## EXERCISE PROMPT
Take the lines below from the one with "Two sets of" through the one with "Vivienne Westwood Vintage" and retype them exactly. Include nothing else, and no pictures.

## EXERCISE MATERIAL
== Segment start ==

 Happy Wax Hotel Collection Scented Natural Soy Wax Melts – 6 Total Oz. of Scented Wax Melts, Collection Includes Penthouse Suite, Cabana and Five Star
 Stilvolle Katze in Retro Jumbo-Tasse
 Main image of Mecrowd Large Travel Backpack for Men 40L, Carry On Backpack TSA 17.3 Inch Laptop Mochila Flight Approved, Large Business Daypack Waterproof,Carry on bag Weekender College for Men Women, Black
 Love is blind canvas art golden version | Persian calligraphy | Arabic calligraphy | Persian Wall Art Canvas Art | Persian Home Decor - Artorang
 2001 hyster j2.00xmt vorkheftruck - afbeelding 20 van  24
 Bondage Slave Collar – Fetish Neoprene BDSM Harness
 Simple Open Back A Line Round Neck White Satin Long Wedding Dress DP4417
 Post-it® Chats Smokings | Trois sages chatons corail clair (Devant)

== Segment end ==
== Segment start ==

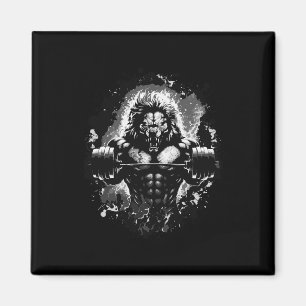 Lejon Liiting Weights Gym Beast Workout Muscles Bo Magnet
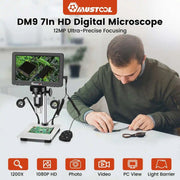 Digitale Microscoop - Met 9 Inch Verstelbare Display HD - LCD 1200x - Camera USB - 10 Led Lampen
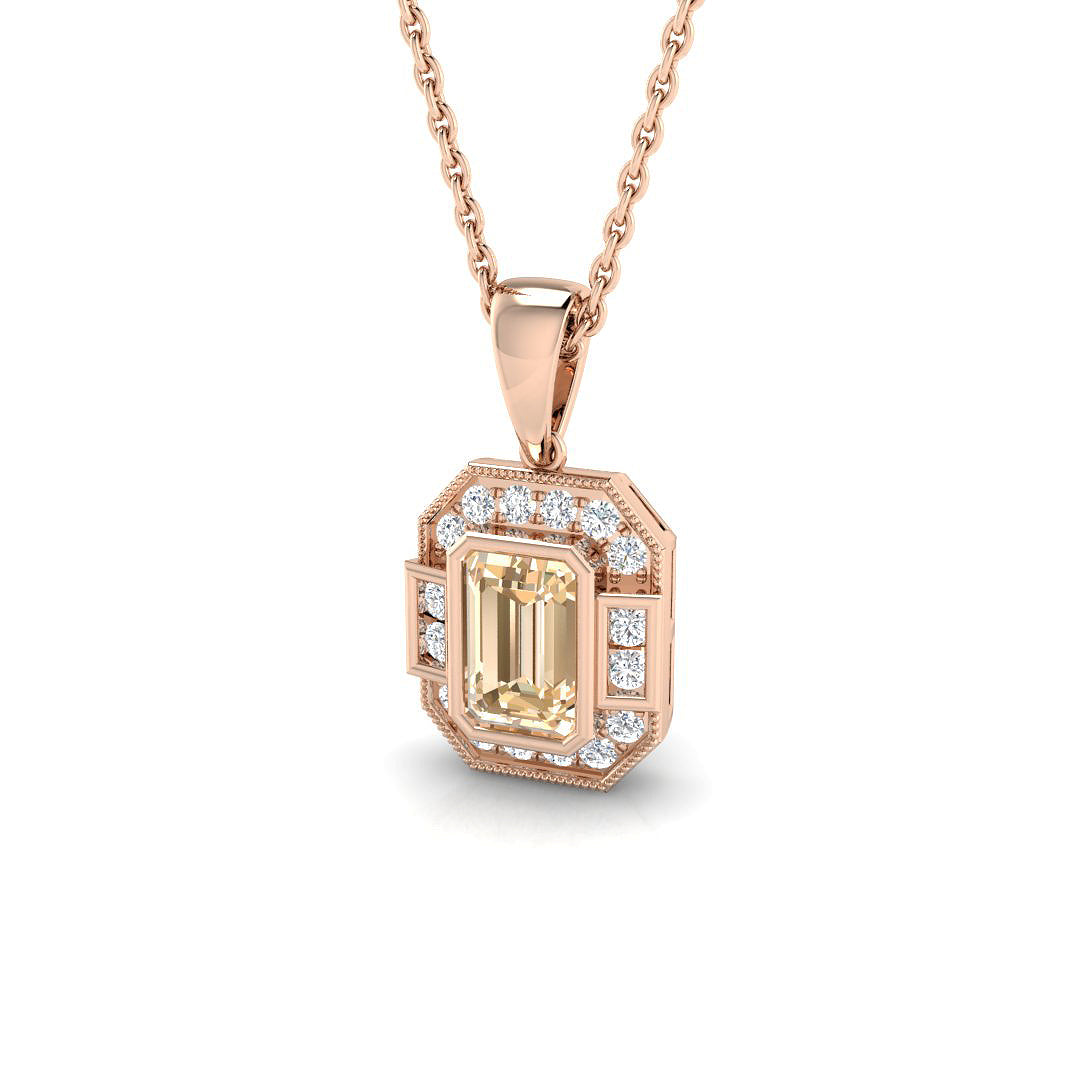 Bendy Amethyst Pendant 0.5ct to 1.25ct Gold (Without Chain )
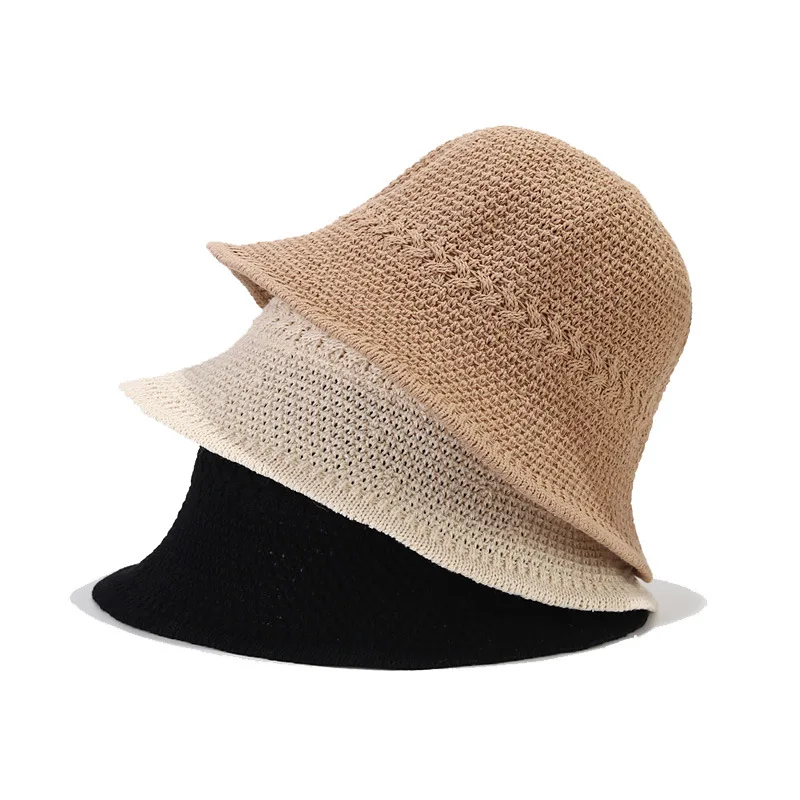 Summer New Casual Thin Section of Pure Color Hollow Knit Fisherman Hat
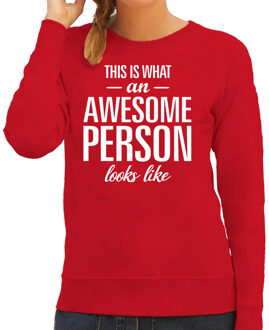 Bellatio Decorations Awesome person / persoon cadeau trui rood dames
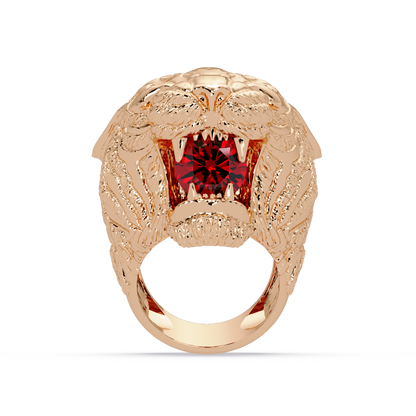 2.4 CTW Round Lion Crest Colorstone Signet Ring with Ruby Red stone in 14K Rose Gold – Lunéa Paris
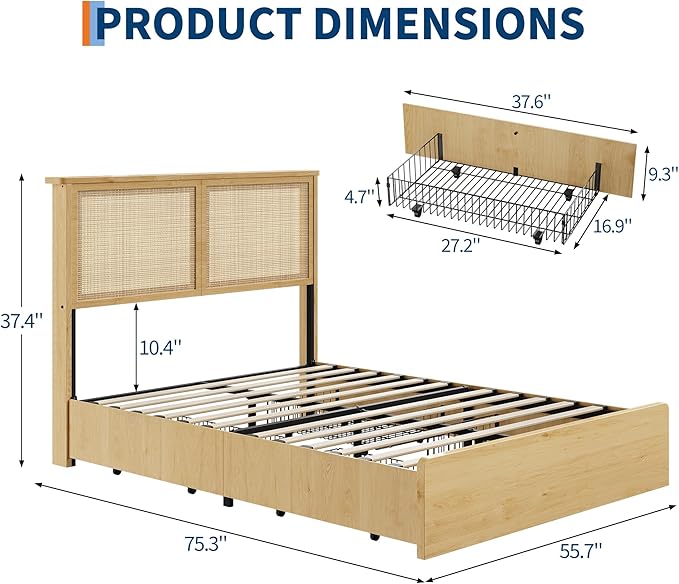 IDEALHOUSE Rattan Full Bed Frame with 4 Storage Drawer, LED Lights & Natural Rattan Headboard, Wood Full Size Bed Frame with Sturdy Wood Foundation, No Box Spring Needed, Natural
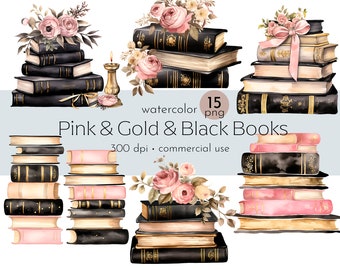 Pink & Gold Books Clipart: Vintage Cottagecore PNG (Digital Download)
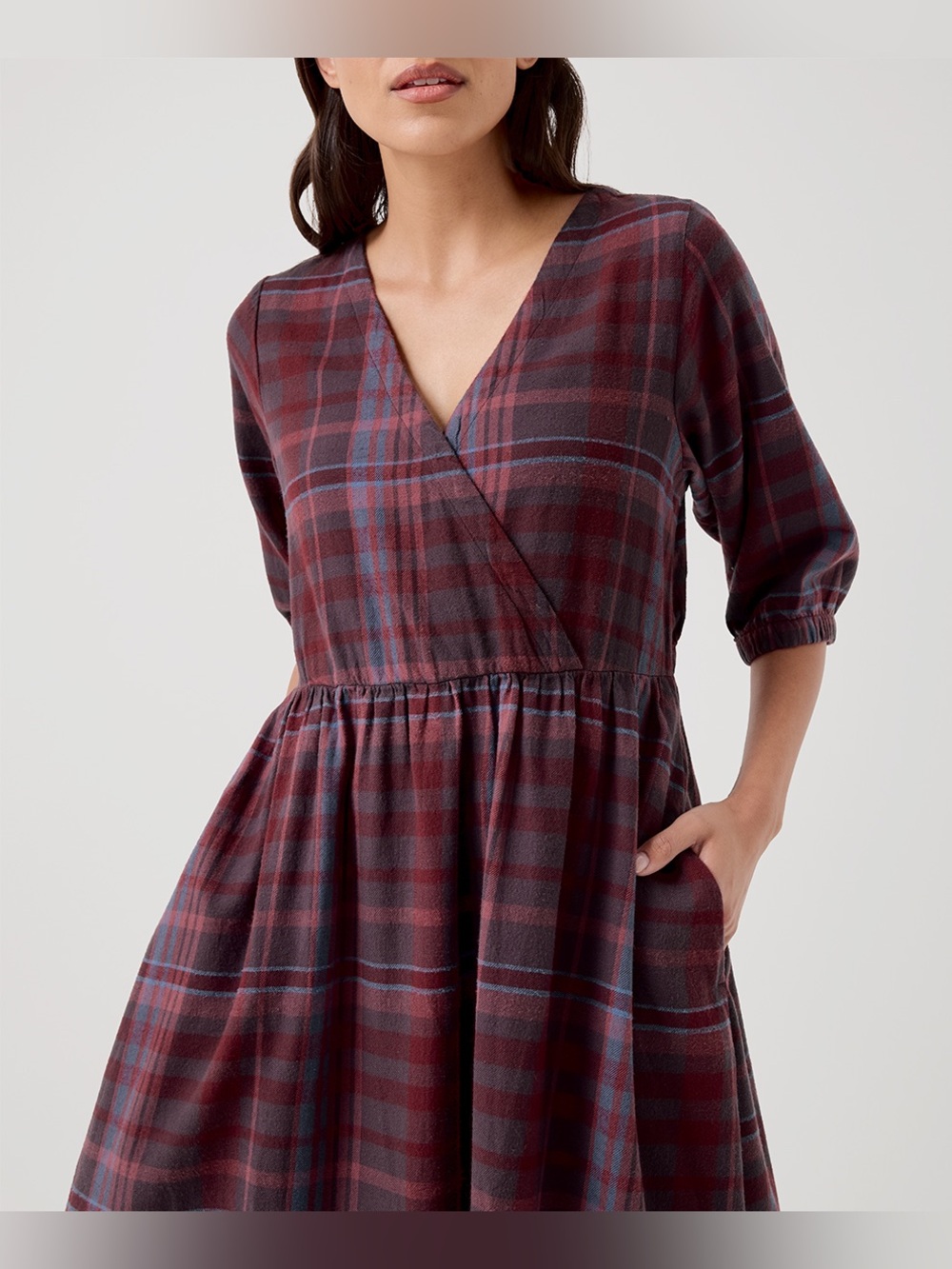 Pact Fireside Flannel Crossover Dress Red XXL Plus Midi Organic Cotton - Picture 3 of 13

== Segment end ==
== Segment start ==

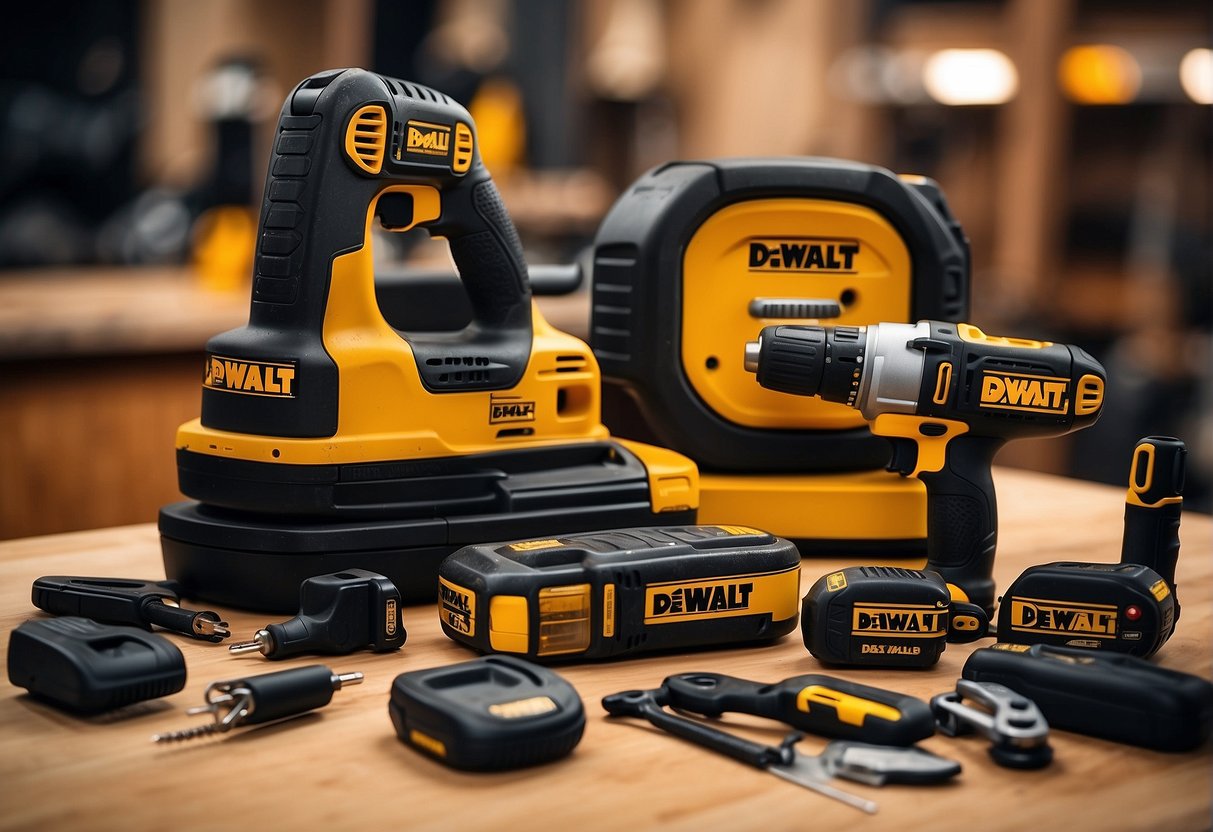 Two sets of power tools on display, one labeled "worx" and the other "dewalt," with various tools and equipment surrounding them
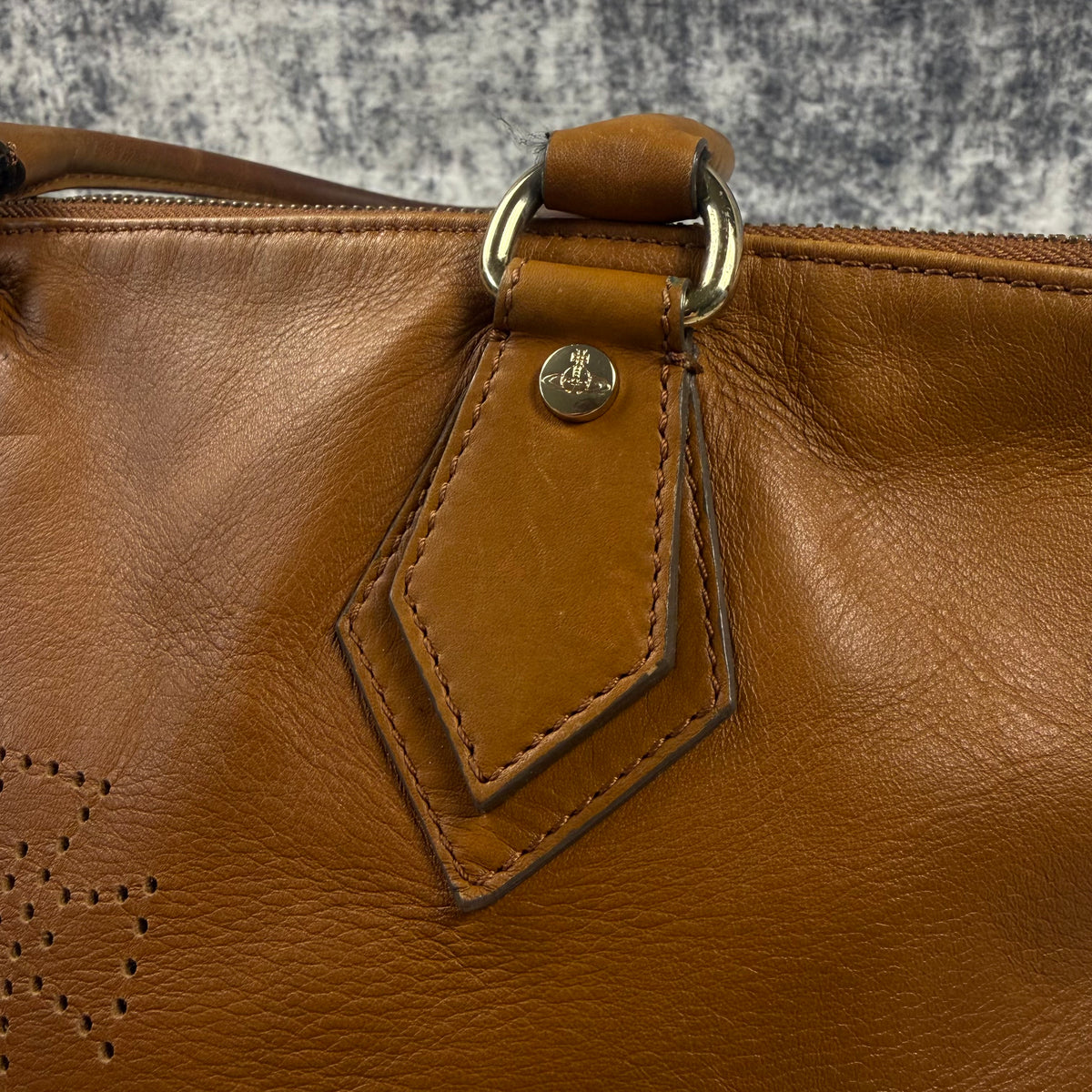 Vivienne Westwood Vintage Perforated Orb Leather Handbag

== Segment end ==

## OUTPUT OF THE EXERCISE
 Two sets of power tools on display, one labeled "worx" and the other "dewalt," with various tools and equipment surrounding them
 Vivienne Westwood Vintage Perforated Orb Leather Handbag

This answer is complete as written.